STUDY MATERIAL –

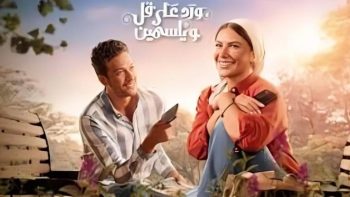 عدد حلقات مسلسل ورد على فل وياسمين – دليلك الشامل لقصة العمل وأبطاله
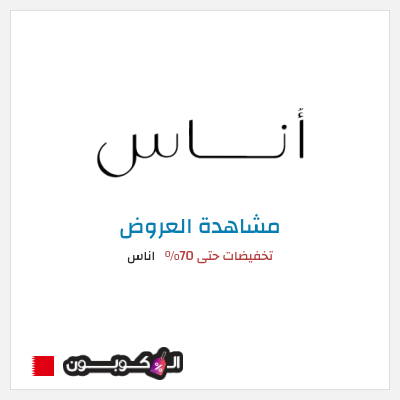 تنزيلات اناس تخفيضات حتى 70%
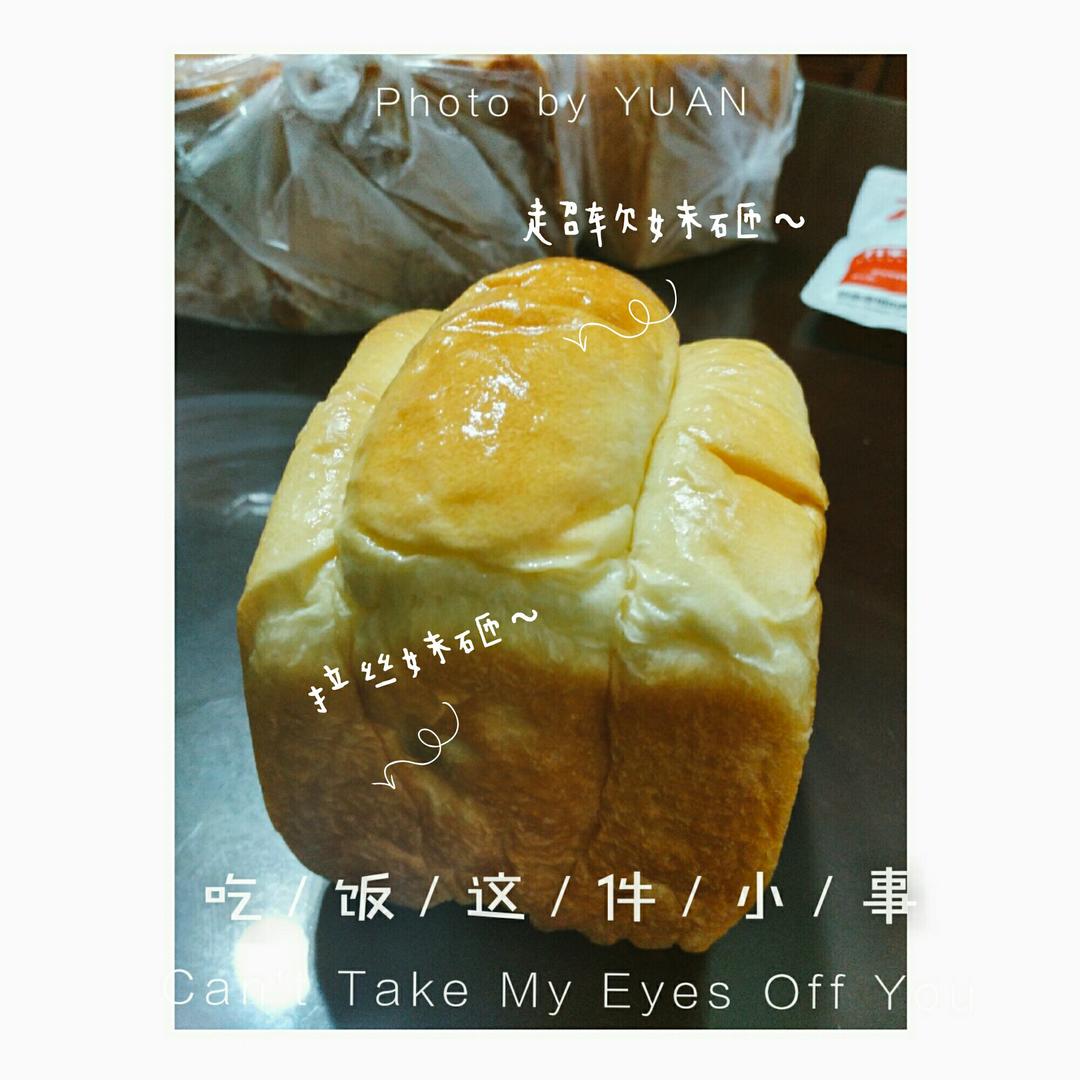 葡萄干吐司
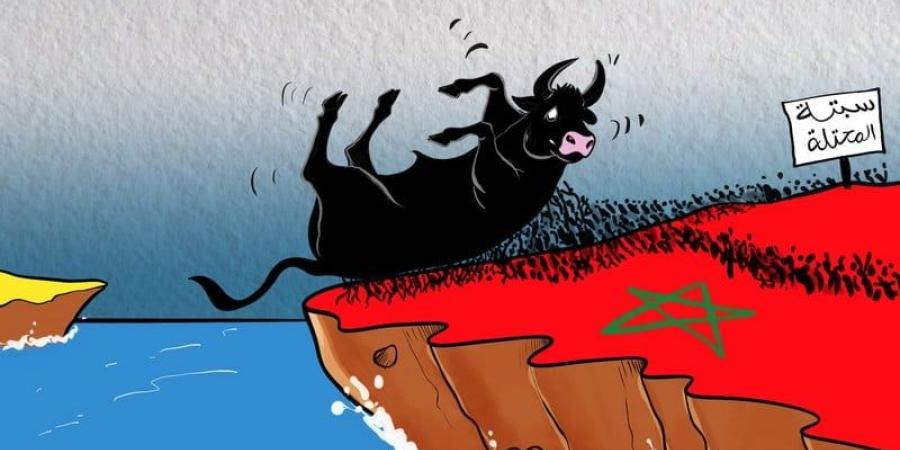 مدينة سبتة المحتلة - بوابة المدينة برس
...
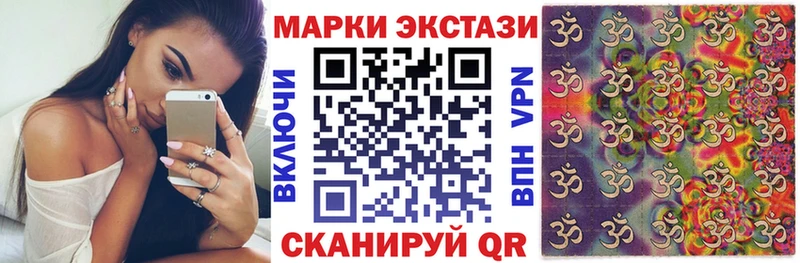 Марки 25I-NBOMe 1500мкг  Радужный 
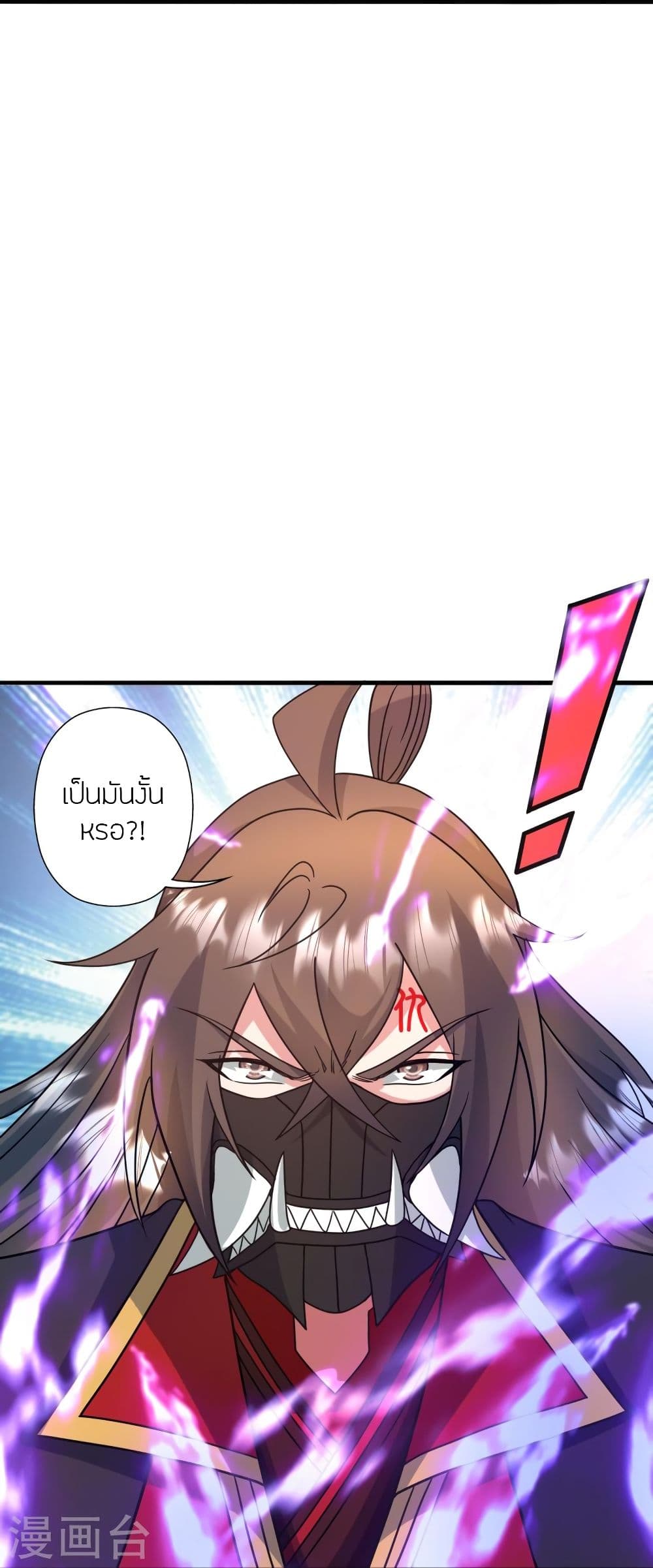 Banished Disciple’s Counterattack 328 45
==
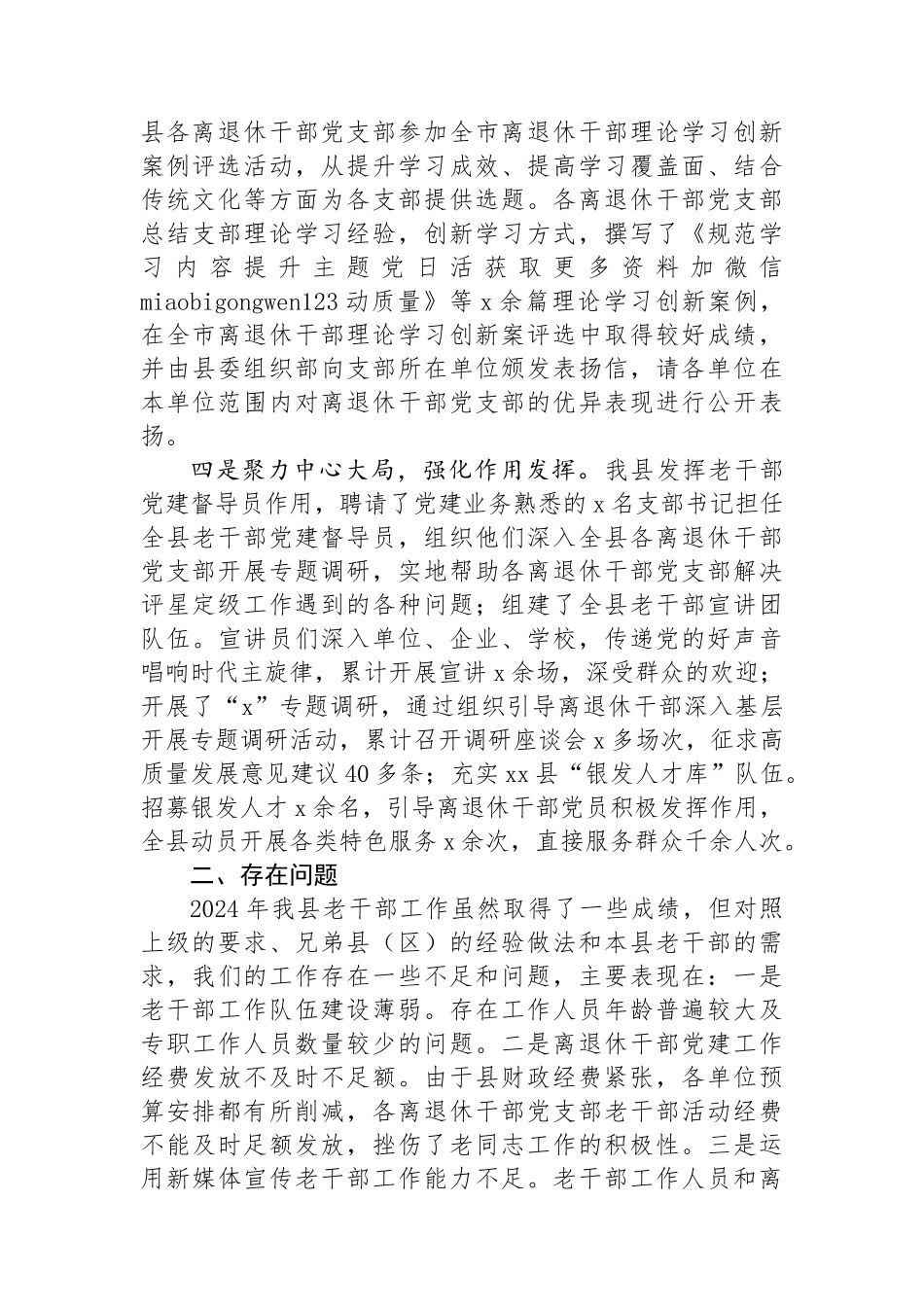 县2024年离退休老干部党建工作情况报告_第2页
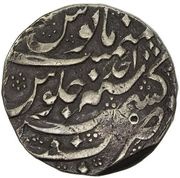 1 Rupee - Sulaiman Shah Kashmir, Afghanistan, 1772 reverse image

REQUIRED WORK – Out of the records above, set down only the lines from the one that contains "عدد حلقات مسلسل" through the one that contains "مدينة سبتة المحتلة - بوابة المدينة برس", unchanged and without the pictures.

EXERCISE RESULT –
 عدد حلقات مسلسل ورد على فل وياسمين – دليلك الشامل لقصة العمل وأبطاله
 تنزيلات اناس تخفيضات حتى 70%
 葡萄干吐司
 مدينة سبتة المحتلة - بوابة المدينة برس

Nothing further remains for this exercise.